Lorsque Lewarde a fermé, Daniel n'est plus allé au fond de la mine, mais depuis vingt-cinq ans il s'y rend toujours. Le mineur est devenu médiateur, prolongeant ainsi sa vie d'avant, la racontant, faisant visiter le site. Lewarde organisant des expositions, recevant des artistes, Daniel n'a rien raté. Ainsi l'art est entré dans sa vie. Avec sa femme et son camping-car, il s'est rendu au Louvre-Lens d'où Luc Piralla, nouveau directeur exalté de Lewarde, vient. Daniel s'est rendu chez des visiteurs en Bretagne, chez un forestier dans les Landes, découvrant des univers qu'il n'aurait jamais connus lorsqu'il était mineur. Il est encore chaviré par sa visite au Louvre de Paris et ébloui par Versailles. Des profondeurs sombres de la mine au lustre clinquant de Versailles, Daniel
ne s'en remet toujours pas. 
Nous revêtons un casque afin de descendre au fond de la mine. Ultime question, comme si c'était la dernière. Quelle est l'œuvre qui raconte le mieux le travail à la mine?

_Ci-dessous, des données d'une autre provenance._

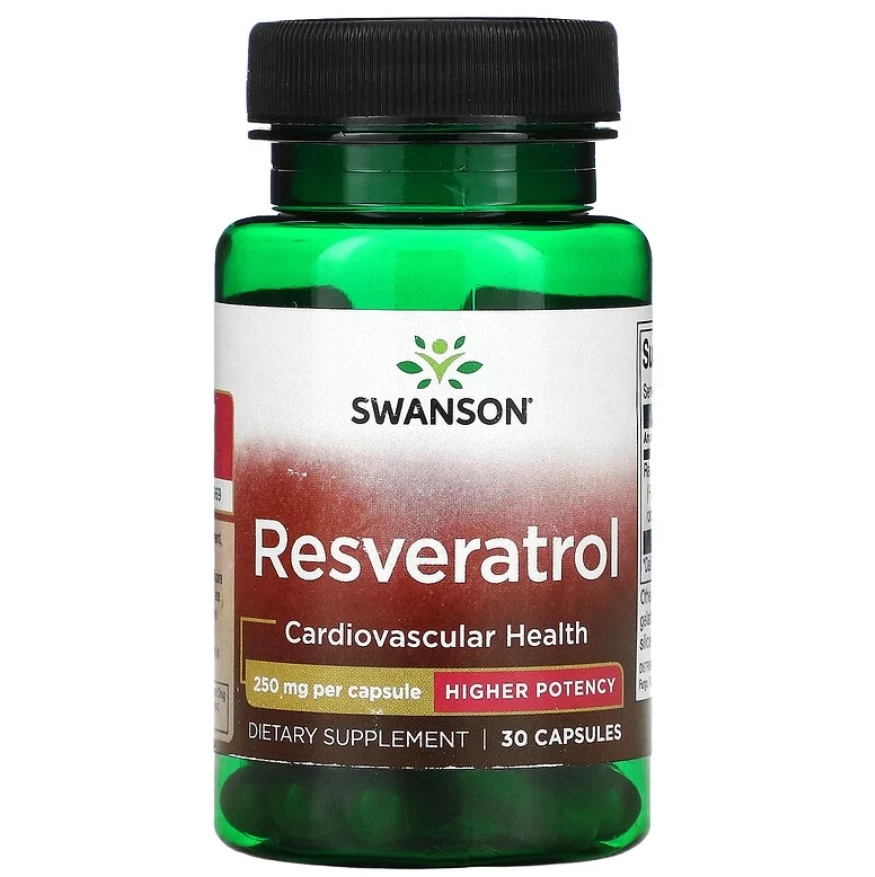 Resveratrol, Alta Potência, 250 mg, 30 Cápsulas, Swanson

Sans hésitation, je réponds Qu'elle était verte ma vallée de John Ford. Vous imaginiez que j'allais répondre Germinal de Zola, mais il raconte la révolte des mineurs, pas la vie d'un mineur. Il faut reconnaître que Zola a eu le mérite de se renseigner en descendant à la mine à Anzin en 1884. On descend ?

Devant la grande porte de l'ascenseur, l'appréhension s'installe. Une voix annonce une descente d'une minute pour se retrouver 500 mètres sous terre. L'excitation est chassée par la peur. On pense au coup de grisou, à l'effondrement d'une galerie, à la panne d'électricité. Fébrile, on envisage de renoncer. Encore sur terre, on devient claustrophobe. On entre. L'ascenseur entame sa descente. Il vibre, fait du bruit. On s'enfonce. Le cœur s'emballe. La descente n'en finit pas. La porte s'ouvre enfin. Les yeux ne croient pas ce qu'ils voient. D'immenses galeries et d'autres si petites. Un labyrinthe. Et, 500 mètres sous terre, mon téléphone sonne...

Centre historique minier de Lewarde (Nord). Tél.: 03 27 95 82 82.
[email protected]
Exposition « Mineurs d'Ukraine », photographies de Youry Bilak, jusqu'au 22 septembre.

Lewarde en 5 dates

1720
Début de l'extraction du charbon dans les Hauts-de-France

1971
Fermeture définitive du site de Lewarde

1984
Ouverture du Centre historique minier de Lewarde

2004
Fin de l'exploitation du charbon en France

2024
Le centre a 40 ans. 5 millions de visiteurs depuis son ouverture.